::: Data supplied

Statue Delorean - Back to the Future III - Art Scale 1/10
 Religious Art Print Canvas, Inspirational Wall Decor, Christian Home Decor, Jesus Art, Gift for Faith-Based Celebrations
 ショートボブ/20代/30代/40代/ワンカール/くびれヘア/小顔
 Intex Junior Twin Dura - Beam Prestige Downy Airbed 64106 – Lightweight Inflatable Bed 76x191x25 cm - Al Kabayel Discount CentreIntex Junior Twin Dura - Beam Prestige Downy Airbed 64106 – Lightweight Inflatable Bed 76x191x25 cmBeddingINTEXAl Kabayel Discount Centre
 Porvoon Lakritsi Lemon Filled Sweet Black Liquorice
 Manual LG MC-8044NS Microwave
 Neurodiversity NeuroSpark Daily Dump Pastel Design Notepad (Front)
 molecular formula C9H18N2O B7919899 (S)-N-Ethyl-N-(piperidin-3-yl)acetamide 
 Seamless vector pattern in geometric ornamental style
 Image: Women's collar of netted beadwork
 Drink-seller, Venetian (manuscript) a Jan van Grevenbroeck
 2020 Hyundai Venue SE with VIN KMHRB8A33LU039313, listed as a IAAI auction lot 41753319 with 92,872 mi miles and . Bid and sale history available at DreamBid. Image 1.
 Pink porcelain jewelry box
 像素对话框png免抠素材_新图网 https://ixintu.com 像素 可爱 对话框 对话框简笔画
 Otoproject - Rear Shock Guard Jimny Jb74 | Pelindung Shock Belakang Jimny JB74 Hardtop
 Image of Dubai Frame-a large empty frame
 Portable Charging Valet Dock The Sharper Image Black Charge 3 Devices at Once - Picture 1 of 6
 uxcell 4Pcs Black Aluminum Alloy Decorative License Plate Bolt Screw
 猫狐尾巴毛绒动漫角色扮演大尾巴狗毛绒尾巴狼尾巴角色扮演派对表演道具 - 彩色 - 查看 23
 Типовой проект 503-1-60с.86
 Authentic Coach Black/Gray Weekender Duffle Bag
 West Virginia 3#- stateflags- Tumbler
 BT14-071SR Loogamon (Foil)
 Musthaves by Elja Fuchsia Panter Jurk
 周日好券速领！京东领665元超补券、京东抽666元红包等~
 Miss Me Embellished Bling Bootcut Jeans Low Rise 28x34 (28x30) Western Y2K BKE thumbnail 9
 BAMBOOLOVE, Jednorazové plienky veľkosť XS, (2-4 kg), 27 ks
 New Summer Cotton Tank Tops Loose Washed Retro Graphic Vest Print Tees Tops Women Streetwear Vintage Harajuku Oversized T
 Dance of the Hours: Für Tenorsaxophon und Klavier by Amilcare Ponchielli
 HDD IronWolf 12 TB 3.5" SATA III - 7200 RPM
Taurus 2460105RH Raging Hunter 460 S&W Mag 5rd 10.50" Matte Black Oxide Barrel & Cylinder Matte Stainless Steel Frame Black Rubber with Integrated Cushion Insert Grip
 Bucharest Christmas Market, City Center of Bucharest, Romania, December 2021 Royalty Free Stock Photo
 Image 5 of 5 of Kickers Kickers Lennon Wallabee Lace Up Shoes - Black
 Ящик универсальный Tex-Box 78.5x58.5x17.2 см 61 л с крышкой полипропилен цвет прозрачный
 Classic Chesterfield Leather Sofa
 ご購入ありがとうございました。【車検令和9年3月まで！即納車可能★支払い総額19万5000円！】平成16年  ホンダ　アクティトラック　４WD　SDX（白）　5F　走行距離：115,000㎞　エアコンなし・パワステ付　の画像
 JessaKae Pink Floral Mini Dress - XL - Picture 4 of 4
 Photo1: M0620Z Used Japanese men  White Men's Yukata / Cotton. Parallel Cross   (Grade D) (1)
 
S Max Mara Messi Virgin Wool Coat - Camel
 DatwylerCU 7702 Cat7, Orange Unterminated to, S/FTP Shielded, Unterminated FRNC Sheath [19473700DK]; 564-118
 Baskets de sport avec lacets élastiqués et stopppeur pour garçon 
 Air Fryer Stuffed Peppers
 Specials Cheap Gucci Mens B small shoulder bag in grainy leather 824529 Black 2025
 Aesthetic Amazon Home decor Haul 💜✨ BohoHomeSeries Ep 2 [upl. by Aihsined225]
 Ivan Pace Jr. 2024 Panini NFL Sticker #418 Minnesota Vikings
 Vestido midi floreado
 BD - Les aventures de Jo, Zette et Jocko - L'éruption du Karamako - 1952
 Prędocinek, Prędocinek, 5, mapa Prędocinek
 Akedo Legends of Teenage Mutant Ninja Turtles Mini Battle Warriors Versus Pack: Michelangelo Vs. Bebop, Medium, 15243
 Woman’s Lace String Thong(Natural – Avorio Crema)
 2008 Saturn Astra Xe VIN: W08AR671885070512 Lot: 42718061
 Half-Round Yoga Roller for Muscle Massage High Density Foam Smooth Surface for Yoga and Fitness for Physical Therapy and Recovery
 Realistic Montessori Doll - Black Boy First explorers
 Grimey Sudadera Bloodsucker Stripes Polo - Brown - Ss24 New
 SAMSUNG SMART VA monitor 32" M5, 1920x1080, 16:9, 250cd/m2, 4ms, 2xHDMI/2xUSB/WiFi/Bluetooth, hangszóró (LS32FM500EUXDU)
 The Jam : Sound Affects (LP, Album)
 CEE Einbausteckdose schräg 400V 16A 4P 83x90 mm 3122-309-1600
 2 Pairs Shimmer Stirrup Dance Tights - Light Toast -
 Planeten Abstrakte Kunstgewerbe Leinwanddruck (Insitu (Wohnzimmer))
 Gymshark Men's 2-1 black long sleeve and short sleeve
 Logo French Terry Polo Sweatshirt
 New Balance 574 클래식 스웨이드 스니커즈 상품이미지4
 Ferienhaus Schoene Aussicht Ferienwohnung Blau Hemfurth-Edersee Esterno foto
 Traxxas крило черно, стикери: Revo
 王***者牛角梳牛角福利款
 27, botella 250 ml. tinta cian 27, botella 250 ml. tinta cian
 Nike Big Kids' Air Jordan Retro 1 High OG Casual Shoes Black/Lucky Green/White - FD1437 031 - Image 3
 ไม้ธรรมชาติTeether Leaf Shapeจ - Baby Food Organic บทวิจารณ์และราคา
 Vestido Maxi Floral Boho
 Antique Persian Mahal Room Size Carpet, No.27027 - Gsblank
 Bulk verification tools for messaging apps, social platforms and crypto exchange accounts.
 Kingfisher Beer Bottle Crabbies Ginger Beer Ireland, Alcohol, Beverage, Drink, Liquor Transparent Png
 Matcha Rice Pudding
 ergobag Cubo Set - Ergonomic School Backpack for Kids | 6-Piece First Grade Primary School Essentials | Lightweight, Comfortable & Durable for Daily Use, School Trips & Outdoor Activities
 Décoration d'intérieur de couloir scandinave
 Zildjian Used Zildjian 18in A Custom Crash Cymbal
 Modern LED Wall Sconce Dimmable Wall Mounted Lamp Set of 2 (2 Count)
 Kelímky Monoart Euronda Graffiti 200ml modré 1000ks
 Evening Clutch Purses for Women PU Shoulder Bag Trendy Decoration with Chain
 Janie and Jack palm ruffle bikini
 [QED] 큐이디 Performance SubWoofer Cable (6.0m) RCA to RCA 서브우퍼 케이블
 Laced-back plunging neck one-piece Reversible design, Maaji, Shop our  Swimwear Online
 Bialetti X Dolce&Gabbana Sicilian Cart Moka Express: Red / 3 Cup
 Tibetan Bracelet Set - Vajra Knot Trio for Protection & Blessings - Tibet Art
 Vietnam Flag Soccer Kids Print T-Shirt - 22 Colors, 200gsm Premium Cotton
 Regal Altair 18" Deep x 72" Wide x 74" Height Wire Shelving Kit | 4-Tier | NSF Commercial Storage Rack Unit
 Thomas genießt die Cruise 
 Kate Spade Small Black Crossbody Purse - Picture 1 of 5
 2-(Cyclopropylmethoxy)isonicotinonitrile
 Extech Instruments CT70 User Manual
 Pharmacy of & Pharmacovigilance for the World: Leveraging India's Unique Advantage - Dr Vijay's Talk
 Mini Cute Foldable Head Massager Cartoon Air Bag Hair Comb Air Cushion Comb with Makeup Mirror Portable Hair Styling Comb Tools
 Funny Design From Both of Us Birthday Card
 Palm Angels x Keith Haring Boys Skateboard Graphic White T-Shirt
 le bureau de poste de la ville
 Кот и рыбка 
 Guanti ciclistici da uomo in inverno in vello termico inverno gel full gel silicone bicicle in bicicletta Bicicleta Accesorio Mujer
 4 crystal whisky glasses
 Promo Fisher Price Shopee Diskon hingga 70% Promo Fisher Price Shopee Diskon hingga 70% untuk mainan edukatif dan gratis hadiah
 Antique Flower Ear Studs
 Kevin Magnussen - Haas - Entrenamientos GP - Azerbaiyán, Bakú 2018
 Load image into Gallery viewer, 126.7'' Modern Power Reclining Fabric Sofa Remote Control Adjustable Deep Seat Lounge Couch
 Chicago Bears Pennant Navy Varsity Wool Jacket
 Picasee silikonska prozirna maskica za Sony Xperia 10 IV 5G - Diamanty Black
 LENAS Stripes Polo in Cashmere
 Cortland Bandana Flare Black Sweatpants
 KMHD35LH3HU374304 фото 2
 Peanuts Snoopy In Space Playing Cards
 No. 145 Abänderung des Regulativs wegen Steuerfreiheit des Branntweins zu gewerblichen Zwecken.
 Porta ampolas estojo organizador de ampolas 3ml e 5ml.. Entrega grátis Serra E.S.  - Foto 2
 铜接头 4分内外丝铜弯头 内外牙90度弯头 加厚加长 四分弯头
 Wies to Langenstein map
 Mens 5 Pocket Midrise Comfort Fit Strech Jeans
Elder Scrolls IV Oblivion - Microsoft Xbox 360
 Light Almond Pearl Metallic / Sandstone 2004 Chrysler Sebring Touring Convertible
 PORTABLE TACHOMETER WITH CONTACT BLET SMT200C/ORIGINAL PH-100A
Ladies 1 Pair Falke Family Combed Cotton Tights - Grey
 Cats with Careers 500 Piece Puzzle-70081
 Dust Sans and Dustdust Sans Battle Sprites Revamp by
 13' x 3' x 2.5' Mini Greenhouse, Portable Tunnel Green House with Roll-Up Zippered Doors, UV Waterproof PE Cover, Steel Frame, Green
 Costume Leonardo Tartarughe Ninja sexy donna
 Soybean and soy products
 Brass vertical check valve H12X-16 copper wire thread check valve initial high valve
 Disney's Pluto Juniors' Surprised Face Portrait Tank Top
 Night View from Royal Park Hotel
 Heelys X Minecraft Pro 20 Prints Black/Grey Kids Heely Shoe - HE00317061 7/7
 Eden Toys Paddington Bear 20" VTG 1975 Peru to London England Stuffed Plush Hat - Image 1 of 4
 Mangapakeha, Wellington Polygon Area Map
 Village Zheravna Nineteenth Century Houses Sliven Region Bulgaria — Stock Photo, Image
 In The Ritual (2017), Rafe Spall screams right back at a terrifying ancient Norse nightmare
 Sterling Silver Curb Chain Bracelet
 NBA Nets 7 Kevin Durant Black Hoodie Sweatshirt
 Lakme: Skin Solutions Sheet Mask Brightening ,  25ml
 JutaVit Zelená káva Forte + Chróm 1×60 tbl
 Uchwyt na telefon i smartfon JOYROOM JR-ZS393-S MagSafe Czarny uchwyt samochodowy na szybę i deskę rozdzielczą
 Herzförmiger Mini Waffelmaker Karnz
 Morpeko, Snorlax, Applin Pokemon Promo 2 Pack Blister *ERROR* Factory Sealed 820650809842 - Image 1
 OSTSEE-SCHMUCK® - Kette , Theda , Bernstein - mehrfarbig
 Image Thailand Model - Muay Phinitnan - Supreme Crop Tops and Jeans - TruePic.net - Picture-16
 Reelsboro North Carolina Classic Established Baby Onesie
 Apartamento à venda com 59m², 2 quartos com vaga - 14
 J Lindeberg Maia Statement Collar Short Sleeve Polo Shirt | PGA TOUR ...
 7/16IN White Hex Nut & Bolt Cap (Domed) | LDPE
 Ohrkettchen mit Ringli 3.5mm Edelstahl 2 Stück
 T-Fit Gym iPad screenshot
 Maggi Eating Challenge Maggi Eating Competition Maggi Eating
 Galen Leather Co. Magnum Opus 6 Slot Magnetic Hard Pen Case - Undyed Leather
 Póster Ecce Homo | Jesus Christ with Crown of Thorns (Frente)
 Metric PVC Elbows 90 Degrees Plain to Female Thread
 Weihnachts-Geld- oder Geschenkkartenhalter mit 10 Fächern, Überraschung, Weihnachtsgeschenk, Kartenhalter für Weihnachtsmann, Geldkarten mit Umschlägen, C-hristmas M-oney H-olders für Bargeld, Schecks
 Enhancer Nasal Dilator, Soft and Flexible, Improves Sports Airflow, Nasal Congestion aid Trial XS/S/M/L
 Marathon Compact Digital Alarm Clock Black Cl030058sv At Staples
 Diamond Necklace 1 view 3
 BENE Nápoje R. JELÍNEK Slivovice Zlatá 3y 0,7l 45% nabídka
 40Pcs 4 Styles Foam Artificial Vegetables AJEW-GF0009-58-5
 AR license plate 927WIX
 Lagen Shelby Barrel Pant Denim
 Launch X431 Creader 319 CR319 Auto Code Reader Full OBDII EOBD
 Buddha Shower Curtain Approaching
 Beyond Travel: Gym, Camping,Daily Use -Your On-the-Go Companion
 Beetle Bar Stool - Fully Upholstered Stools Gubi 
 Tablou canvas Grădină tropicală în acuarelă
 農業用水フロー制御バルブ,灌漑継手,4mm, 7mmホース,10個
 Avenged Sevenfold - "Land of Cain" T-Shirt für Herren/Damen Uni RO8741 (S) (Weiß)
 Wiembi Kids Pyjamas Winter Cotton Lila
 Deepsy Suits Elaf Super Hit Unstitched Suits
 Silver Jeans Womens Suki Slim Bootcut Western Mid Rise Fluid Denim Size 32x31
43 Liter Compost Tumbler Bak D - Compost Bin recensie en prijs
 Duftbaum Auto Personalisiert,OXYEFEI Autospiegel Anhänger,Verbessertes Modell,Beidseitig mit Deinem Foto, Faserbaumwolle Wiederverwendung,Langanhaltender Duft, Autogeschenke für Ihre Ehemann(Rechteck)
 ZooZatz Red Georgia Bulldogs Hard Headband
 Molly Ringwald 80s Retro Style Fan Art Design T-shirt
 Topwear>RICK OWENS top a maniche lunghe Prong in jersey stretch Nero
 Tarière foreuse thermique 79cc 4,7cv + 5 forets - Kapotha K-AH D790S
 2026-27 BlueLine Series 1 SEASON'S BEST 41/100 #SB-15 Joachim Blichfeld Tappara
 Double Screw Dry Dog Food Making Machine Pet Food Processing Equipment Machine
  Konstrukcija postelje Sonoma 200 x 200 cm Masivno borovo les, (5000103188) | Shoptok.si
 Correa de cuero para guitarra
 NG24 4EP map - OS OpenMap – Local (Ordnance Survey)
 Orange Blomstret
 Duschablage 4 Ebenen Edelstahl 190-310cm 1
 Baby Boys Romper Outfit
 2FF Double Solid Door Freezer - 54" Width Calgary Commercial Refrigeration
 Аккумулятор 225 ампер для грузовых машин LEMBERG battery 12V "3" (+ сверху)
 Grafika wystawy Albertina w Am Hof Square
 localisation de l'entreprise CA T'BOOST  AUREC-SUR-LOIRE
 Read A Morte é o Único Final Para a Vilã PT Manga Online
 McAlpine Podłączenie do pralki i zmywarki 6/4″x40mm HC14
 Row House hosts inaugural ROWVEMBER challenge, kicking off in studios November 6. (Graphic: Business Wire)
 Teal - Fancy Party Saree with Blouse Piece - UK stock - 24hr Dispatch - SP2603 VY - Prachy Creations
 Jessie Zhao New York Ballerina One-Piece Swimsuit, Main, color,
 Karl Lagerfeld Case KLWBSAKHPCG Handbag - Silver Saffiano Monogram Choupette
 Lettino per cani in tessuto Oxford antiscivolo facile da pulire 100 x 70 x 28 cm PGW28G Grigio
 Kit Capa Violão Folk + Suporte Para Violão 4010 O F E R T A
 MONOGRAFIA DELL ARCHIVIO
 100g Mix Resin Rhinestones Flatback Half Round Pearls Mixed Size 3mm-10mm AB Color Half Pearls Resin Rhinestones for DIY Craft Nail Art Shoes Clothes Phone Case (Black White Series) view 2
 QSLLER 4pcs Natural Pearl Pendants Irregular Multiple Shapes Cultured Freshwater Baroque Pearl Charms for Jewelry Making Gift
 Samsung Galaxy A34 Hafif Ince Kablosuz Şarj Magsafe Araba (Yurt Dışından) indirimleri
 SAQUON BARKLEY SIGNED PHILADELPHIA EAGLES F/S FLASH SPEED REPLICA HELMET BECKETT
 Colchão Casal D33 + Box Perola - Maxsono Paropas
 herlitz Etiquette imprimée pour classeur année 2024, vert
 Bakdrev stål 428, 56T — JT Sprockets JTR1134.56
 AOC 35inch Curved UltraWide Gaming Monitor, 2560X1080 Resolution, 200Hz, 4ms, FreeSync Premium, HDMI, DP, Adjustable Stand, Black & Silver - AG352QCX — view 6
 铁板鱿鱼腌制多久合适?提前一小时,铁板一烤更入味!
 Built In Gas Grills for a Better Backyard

::::::

**Description of the task**
The entries above hold a line with "Authentic Coach Black/Gray" and a later line with "HDD IronWolf 12". Write out exactly those lines and all lines between, nothing more.

**Output**
 Authentic Coach Black/Gray Weekender Duffle Bag
 West Virginia 3#- stateflags- Tumbler
 BT14-071SR Loogamon (Foil)
 Musthaves by Elja Fuchsia Panter Jurk
 周日好券速领！京东领665元超补券、京东抽666元红包等~
 Miss Me Embellished Bling Bootcut Jeans Low Rise 28x34 (28x30) Western Y2K BKE thumbnail 9
 BAMBOOLOVE, Jednorazové plienky veľkosť XS, (2-4 kg), 27 ks
 New Summer Cotton Tank Tops Loose Washed Retro Graphic Vest Print Tees Tops Women Streetwear Vintage Harajuku Oversized T
 Dance of the Hours: Für Tenorsaxophon und Klavier by Amilcare Ponchielli
 HDD IronWolf 12 TB 3.5" SATA III - 7200 RPM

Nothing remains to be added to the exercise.